Tras su regreso de Brasil, Mondaca inició reuniones con compañeros de Teleanálisis (Augusto Góngora), Ictus (José Manuel Salí) y ECO (Sergio Navarro), en pos de la organización de un encuentro entre pares cuya sede sería el Centro Canelo de Nos, que ofrecería alojamiento y alimentación[8]. Se consiguió financiamiento y, gracias a la entidad alemana Evangelisches Missionswerk, que aportó 5.000 dólares, fue posible la invitación a delegados de Brasil, Perú, Bolivia y Argentina. Además, el evento terminó siendo patrocinado por las embajadas de Argentina, Brasil, Perú y el Consulado de Bolivia (Liñero, 2010; de la Fuente y Guerrero, 2018; Mondaca Raiteri, 2019).

No obstante el impulso esperanzado y prometedor de los jóvenes de los 80, sería errado creer en un escenario carente de conflictos. En efecto, en aquel momento existían ciertas suspicacias, tanto hacia el video como tecnología como entre generaciones. Según Hermann Mondaca:

“Al inicio había mucho prejuicio […] aquella lógica mecánica que decía que la tecnología era un instrumento imperialista y eso era estar trabajando con el enemigo […] Hubo una suerte de resistencia a que las organizaciones y los organismos de DD. HH. asumieran el video […] y también cierta cosa esquemática sobre qué es/debe ser «lo popular» […] pero fue la experiencia viva misma la que fue irrumpiendo”. (Entrevista)

Asimismo, el videasta recordó que existía cierto menosprecio desde los cineastas consagrados hacia los noveles videastas, en una mezcla de incomprensión, recelo y competencia; aunque con el correr de los años esas tensiones “se fueron limando”. Por su parte, el videasta uruguayo Esteban Schroeder evocó que, si bien La Habana y la Generación del 60 constituían una referencia y un ejemplo, y que ciertamente había un disfrute en el encuentro con “los mayores”, también existían distancias y contradicciones, y cada país tenía las propias:

“Nosotros éramos mucho menos que el hermano menor del cine… No existíamos en cierto sentido […] Y eran planos distintos: el de los cineastas y el de los emergentes videastas. No había reconocimiento […] Un poco por cierta aura que se supone que está asumida por todos, el Nuevo Cine Latinoamericano tenía que tener una mirada —podemos decir— fraterna con esta generación que irrumpía allí, pero no era así. Después, con el tiempo, se establecieron algunos puentes y algunas síntesis, por ejemplo, con [Fernando] Birri […] Si Pino [Solanas] le da la espalda al Movimiento [de Video], Octavio [Getino], que además era un teórico, todo lo contrario”. (Entrevista)

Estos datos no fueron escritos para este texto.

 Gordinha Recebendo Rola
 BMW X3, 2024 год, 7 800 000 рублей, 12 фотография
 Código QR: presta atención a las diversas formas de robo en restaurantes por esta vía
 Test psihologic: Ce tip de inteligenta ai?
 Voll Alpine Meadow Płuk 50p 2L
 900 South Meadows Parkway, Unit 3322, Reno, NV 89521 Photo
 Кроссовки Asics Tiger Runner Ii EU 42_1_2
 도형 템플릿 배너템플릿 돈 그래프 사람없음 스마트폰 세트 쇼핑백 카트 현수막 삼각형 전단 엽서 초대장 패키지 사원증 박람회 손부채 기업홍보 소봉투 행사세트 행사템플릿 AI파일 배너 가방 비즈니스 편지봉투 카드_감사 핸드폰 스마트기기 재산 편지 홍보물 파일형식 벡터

Se podría decir, entonces, que, aun con ciertas resistencias iniciales, una combinación multicausal catalizó la formación del Movimiento Latinoamericano de Videastas: (1) un marco retórico y epistemológico global ligado a la democratización de medios, que complejizó la mirada sobre el entramado audiovisual; (2) escenas nacionales heterogéneas pero activas; (3) conciencia de ser parte de un escenario regional común, buscando articulación y trabajo colaborativo a pesar de las distancias y desconocimientos; y (4) una plataforma de acogida e inclusión con visibilidad internacional y peso simbólico como era La Habana.

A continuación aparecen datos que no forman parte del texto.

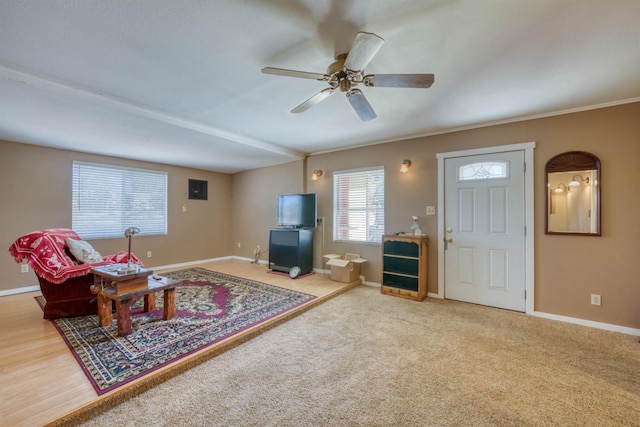 31913 Auberry Rd, Auberry, CA 93602 - photo 6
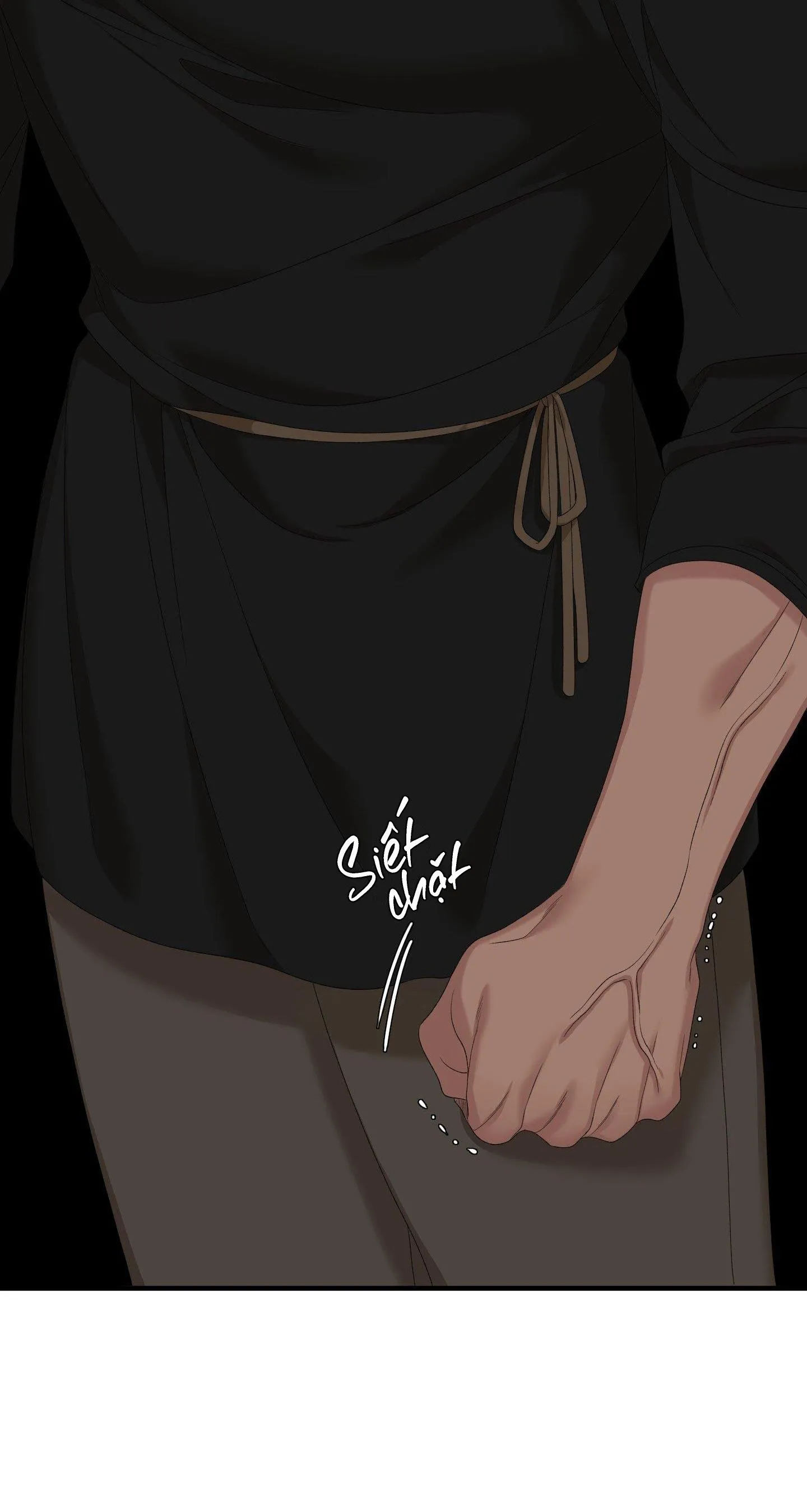 SMYRNA VÀ CAPRI Chapter 41 Trang 57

Ahora bien, ¿quiénes y cómo se organizaron bajo la forma de Movimiento?, ¿bajo qué principios en común?, ¿con qué facilidades y con qué dificultades? ¿Cómo se caracterizó, en su derrotero diacrónico, aquel primer año de trabajos conjuntos?

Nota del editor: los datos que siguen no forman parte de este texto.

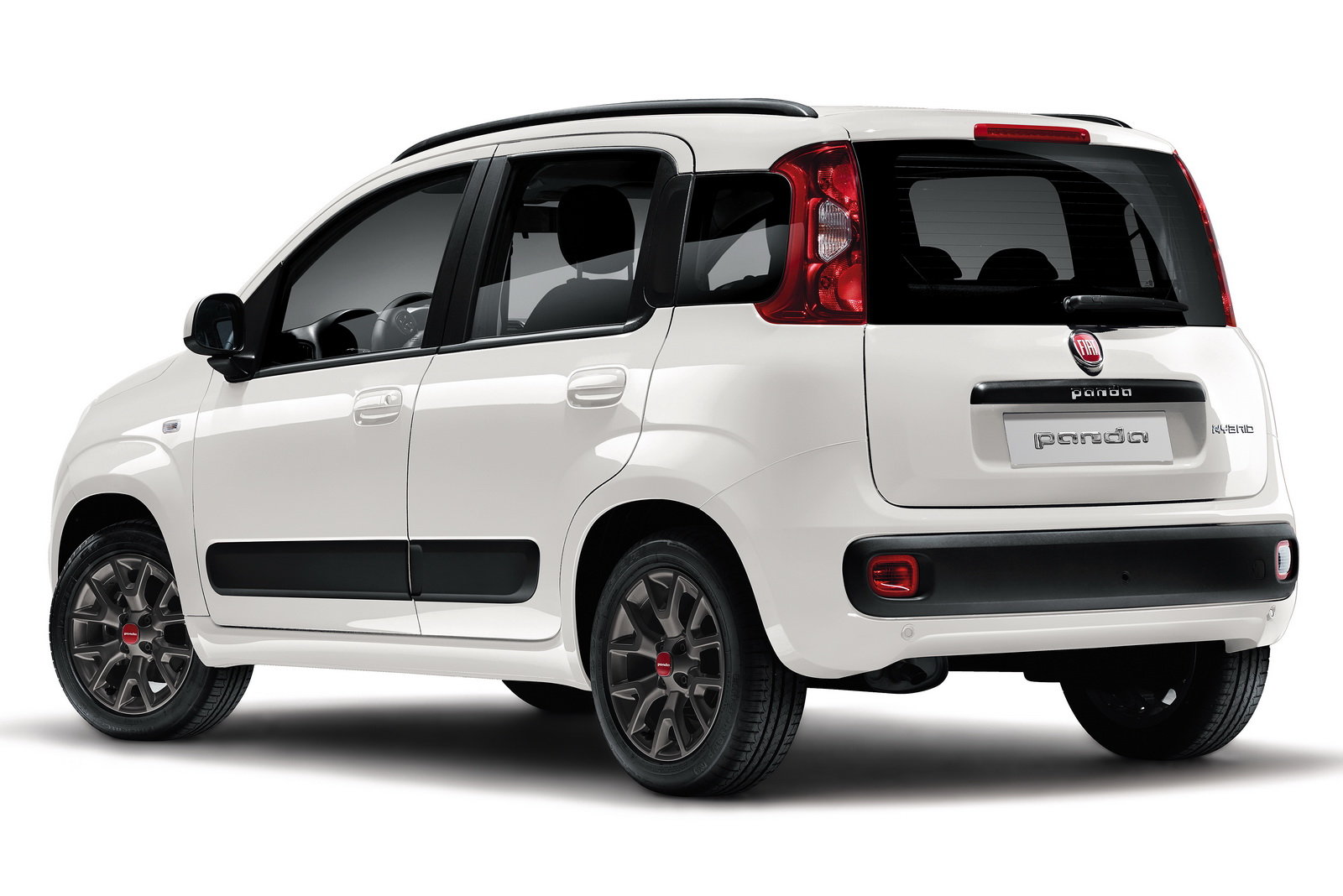 fiat-panda-hybrid-2020-06_1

Erupción y lanzamiento del Movimiento

Apenas unos meses después del Festival de Bahia, en el marco del IX Festival de La Habana, los videastas redactaron una declaración bajo el título “A veinte años de Viña del Mar: por el video y la televisión latinoamericano”. La suscribieron, entre otros, Octavio Getino (Argentina), Alfonso Gumucio Dagron y Alfredo Ovando (Bolivia), Regina Festa y Luis Fernando Santoro (Brasil), Gustavo Castaño (Colombia), Enrique González Manet y Estela Bravo (Cuba), Augusto Góngora (Chile), Ramiro Bustamante y Atilio Hartman (Ecuador), Karen Ranucci (Estados Unidos), Fátima Fernández, Vicente Silva y Federico Weingartghofer (México), Sergio de Castro (Nicaragua), Rafaela de Lourdes y Vielka Váquez (Panamá), Rafael Roncagliolo y Kurt Rosenthal (Perú), y Daniel Touron y Juan José Gutiérrez (Uruguay). Si bien en esta “acta de nacimiento” la voluntad de herencia respecto del Movimiento del Nuevo Cine es evidente —fundamentalmente en lo que refiere a un horizonte ideológico progresista de transformación y justicia social, y a la inspiración estética de un audiovisual audaz y creativo—, cabe pensar también que allí se cifra cierta necesidad de respaldo o prestigio simbólico desde una formación/generación a la otra. Además, en la afirmación de esa filiación se juega un gesto simbólico y político de reconocimiento al país de residencia de muchos exiliados del Movimiento de los 60 y sede física de su fundación: Cuba, que en esa coyuntura operaba como ventana de proyección internacional, y como tal era un país-festival con el que convenía tener buenas relaciones y tramar alianzas.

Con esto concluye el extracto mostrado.